Thursday, February 19, 2004

Adieu L.A.

This weekend I take my leave of the City of Angels and strike out for the City of...Franciscos. I'm coming out of retirement and going back into Visual Effects. No longer will every night be a Friday night, and everyday a Saturday; no longer will I be able to drive downtown for my Chano's fix; no longer will I be retireded. I have 2 days to pack everything I'll need for the next two months and then I'm off. It's a rather sudden decision, I know, but some of life's best adventures often result from spur-of-the-moment choices such as this. I wish I had time for a Coming-Out-Of-Retirement Party. Perhaps I'll just wait the two months until I retire once more, returning triumphantly to Hollywood in my grand chariot ('92 Honda Accord) and have an even bigger bacchanal then. It will be a true occasion for rejoicing, and rejoicings call for drunken orgies, do they not?

Why am I coming out of retirement? Because the circle is not yet complete. When I was a senior in the Film program at Berkeley I applied for an internship at Industrial Light + Magic, George Lucas' effects company in San Rafael. I didn't get it, and I ended up interning as a storyboard artist for an independent film studio in SF. At the time I had no idea that a career in the VFX industry awaited me post-graduation. Now, almost ten years later, I'm going back up north to work for the first studio to which I ever applied. This cycle of my life will have reached its denouement. The epilogue will echo the prologue, and I will be finished with visual effects, poetically speaking. Then I can cast off the shackles of digital artistry forever and the real retirement shall begin. Let freedom ring.

Tuesday, February 17, 2004

Why I'm not working

"They deem me mad because I will not
sell my days for gold;
And I deem them mad because they
think my days have a price."

"How narrow is the vision that exalts
the busyness of the ant above the singing
of the grasshopper."

"When my cup is empty I resign myself
to its emptiness; but when it is half full
I resent its half-fulness."

"How can you sing if your mouth be
filled with food?
"How shall your hand be raised in bless-
ing if it is filled with gold?"

~Kahlil Gibran

Monday, February 09, 2004

Press the Meet

I'm in a very good mood due to transcripts of Bush's appearance on Meet the Press yesterday. It's good to know that Junior's command of the English language is as scandalously weak as ever. This exchange (cut and pasted from The Washington Post) is my favorite:

Russert: "You said ‘the Iraqi regime is a threat of unique urgency, Saddam Hussein is a threat that we must deal with as quickly as possible.' You gave the clear sense that this was an immediate threat that must be dealt with."

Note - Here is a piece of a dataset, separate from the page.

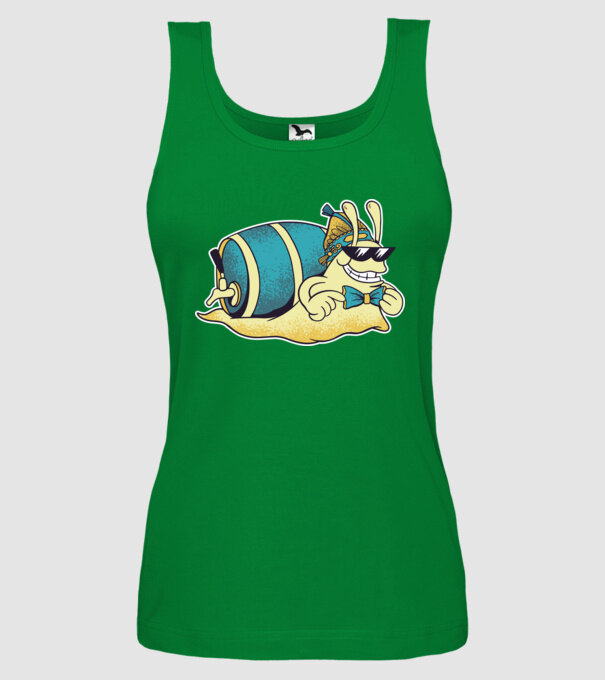 Melc model verde pe tricou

Bush: "I think […] I called it a grave and gathering threat. I don't want to get into a word contest, but what I do want to share with you is my sentiment at the time. There was no doubt in my mind that Saddam Hussein was a danger to America."

Russert: "In what way?"

Bush: "Well, because he had the capacity to have a weapon, make a weapon. We thought he had weapons. The international community thought he had weapons, that he had the capacity to make a weapon, and then let that weapon fall into the hands of a shadowy terrorist network."

What is he SAYING? I need a English translation, please. As far as I can tell, he seems to be recalling that he THOUGHT Saddam had weapons, therefore his sentiment at that time was that Iraq was an immediate threat to the United States. Well, he was wrong. And not only is he unrepentant about that misconception that's led to over 500 American deaths, thousands of casualties, a $500-billion-plus U.S.D. deficit, and for the first time, a palpable Al Qaeda presence in Iraq, but he's STILL trying to make it appear that he was right. And is he actually calling Tim Russert a liar? Just because the administration's new favorite phrase is "gathering threat" doesn't make it retroactive. Obviously he doesn't want to get into a word contest because he would lose. His spin doctors are in the O.R. and are working overtime, but according to polls, the public has been waking up in the past week. Dick Cheney and my mother appear to be the only two Americans left who believe Saddam played a part in the 9/11 attacks, since Bush and Rumsfeld have both been forced to retract statements promoting this mad hypothesis. The fact is quickly becoming apparent, however, that Al Qaeda was never in Iraq...until the U.S. recently allowed them in.

I can't WAIT for Kerry (or ANYBODY!) to debate this illiterate fool. I might actually re-subscribe to cable for a chance to be ringside at that event: the war hero vs. the only president in U.S. history to enter office with a criminal record.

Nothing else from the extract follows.